Stage 2: Extrinsic Initialization¶
What it does: Initialize camera positions (extrinsics) and the water surface Z-coordinate by building a pose graph from shared underwater board observations.
Method:
Detect ChArUco corners in all cameras across all underwater frames
Build a pose graph: each camera-frame pair with detections is a node, edges connect nodes that observe the same board
BFS traversal: Starting from the reference camera (R=I, t=0), chain refractive PnP solutions through the graph to locate other cameras
Multi-frame averaging to reduce noise in extrinsic estimates
Compute initial water_z from the reference camera’s average interface distance
Input:
Underwater calibration videos (all cameras)
Intrinsics from Stage 1
ChArUco detections across all frames
Output:
Initial extrinsics (R, t) for each camera
Initial water_z (global water surface Z-coordinate)

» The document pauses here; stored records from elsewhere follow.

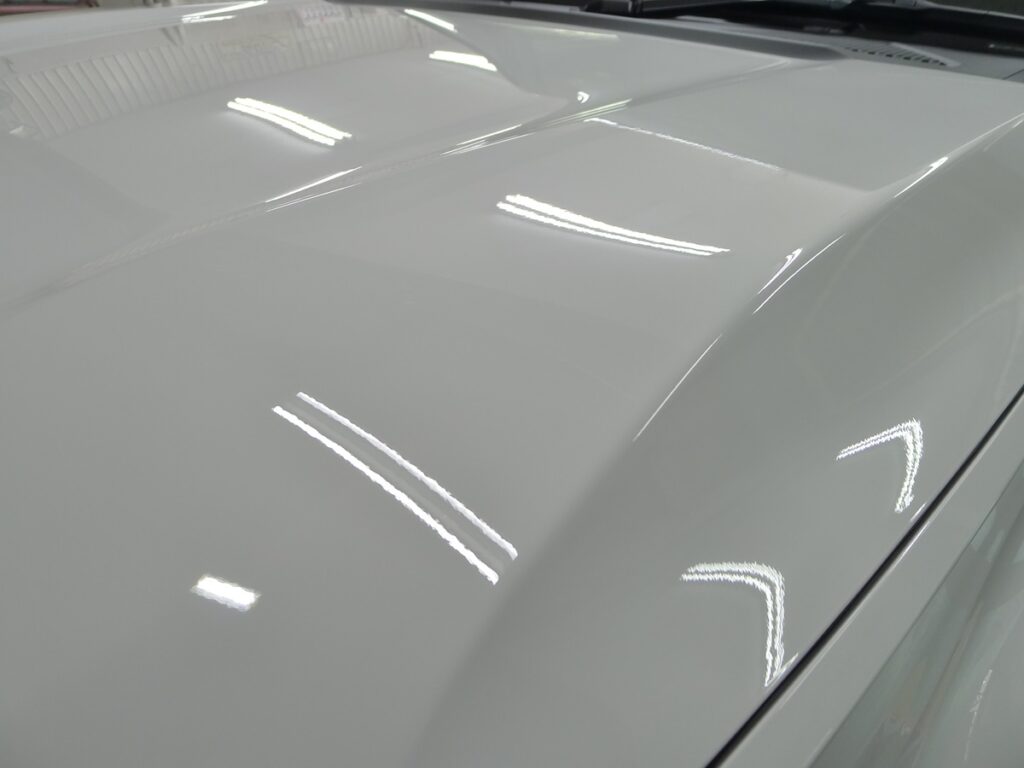 ランドクルーザー250 セラミック上位ボディコーティング 仕上げ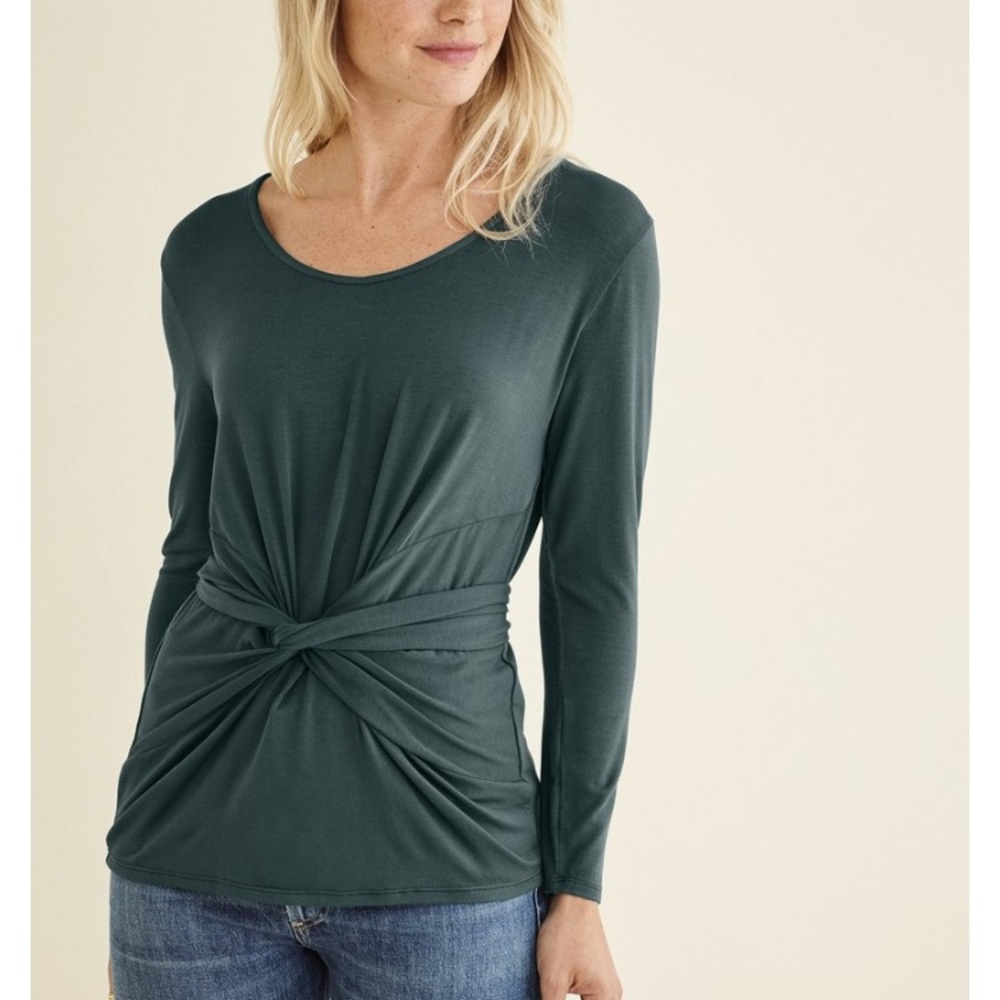 Long sleeve top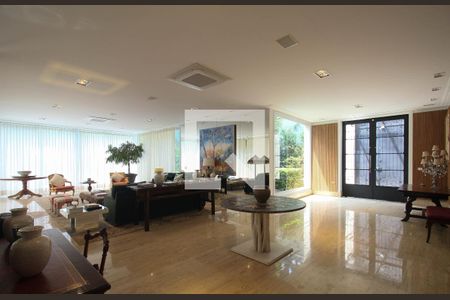 Sala 1 de casa à venda com 5 quartos, 614m² em Jardim Leonor, São Paulo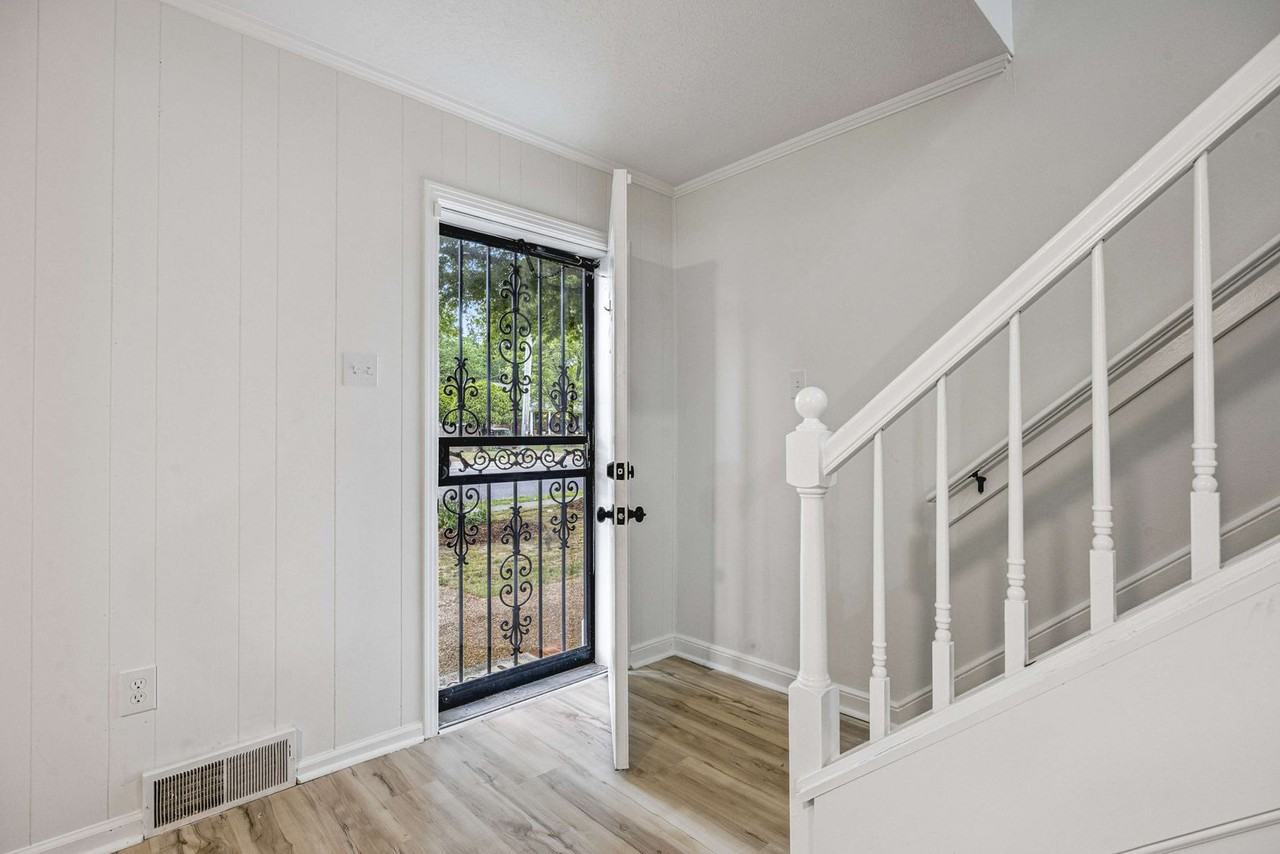 6137 Quince Rd - Photo 4 of 22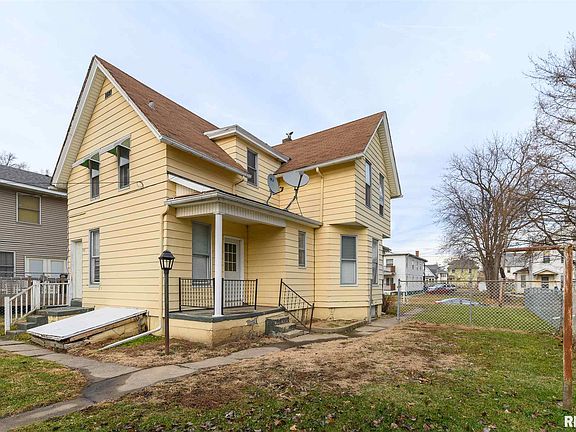 2nd image of 228 S Lincoln Ave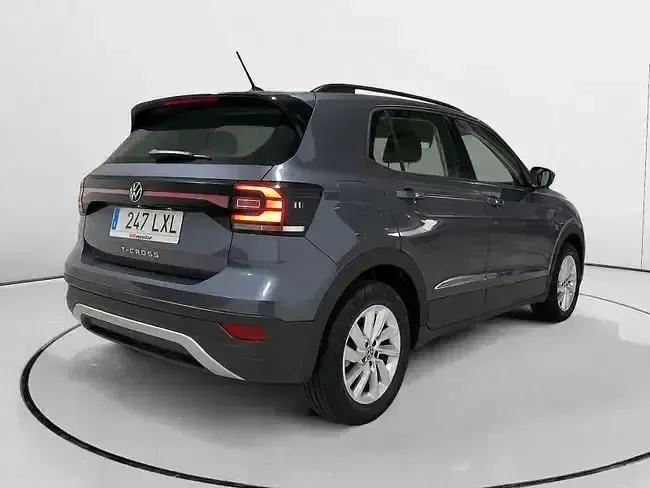 Usado VW T-Cross Advance 110 CV (80 kW) 2022 Gris SUV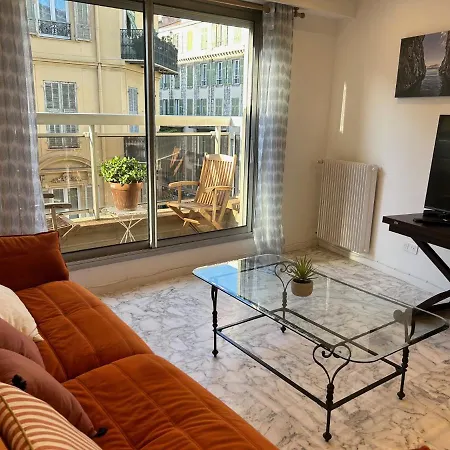La Belle, Centre 1 Bed, 2 Terrace, Quiet Apartamento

Initial board poses (rvec, tvec) for each frame
Why BFS? Cameras in an AquaCal rig typically have non-overlapping fields of view. Direct pairwise camera-to-camera pose estimation isn’t possible. Instead, we use the calibration board as a “connector”: if cam0 and cam1 both observe the same board pose, we can chain their board-to-camera transforms to get a cam0-to-cam1 transform.

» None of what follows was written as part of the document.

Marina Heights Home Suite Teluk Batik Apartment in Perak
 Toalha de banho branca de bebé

See aquacal.calibration.extrinsics.estimate_extrinsics() for implementation.
Stage 3: Joint Refractive Bundle Adjustment¶
What it does: Jointly optimize camera extrinsics, global water surface Z, and board poses to minimize refractive reprojection error.
Method: Nonlinear least-squares optimization using scipy.optimize.least_squares.
Parameters Optimized¶
The parameter vector layout is:
[tilt(0 or 2) | extrinsics(6*(N-1)) | water_z(1) | board_poses(6*F) | intrinsics(4*N or 0)]
where:
tilt (0 or 2): Optional interface tilt parameters (rx, ry) if
normal_fixed=False. Usually omitted (flat water assumption).extrinsics (6 per camera): Rodrigues vector (3) + translation vector (3) for each non-reference camera. Reference camera (cam0) is fixed at R=I, t=0.
water_z (1): Global water surface Z-coordinate. Same value for all cameras.
board_poses (6 per frame): Rodrigues vector (3) + translation vector (3) for each frame’s board pose.
intrinsics (0): Not optimized in Stage 3 (deferred to Stage 4 if requested).
Example: For a 3-camera rig with 50 frames:
Extrinsics: 6 × (3 - 1) = 12 parameters
water_z: 1 parameter
Board poses: 6 × 50 = 300 parameters
Total: 313 parameters
Cost Function¶
The cost function computes refractive reprojection error for every observed corner across all cameras and frames:
where:
i = camera index
j = frame index
k = corner index within that frame
Q_{j,k} is the 3D world position of corner k in frame j (computed from board pose)
The refractive projection uses the Newton-Raphson solver (see Refractive Geometry) to account for light bending at the water surface.
Loss function: Soft-L1 (Huber-like) loss for robustness to outliers:
This down-weights large residuals (e.g., detection errors, board motion blur) while preserving gradient information.
Bounds¶
water_z:
[0.01, 2.0]meters (must be positive and below cameras; upper bound is generous)Board tvec[2] (Z-coordinate): Must be greater than water_z (boards are underwater)
Extrinsic rvec: Unbounded (rotations can take any value)
Extrinsic tvec: Unbounded (but typically stay near initial values from Stage 2)
See aquacal.calibration.interface_estimation.optimize_interface() for implementation.
Gotcha: water_z is unobservable in non-refractive mode
When running calibration with n_air = n_water = 1.0 (as a comparison baseline to standard calibration), water_z has zero analytical gradient. Light travels in straight lines regardless of the interface position.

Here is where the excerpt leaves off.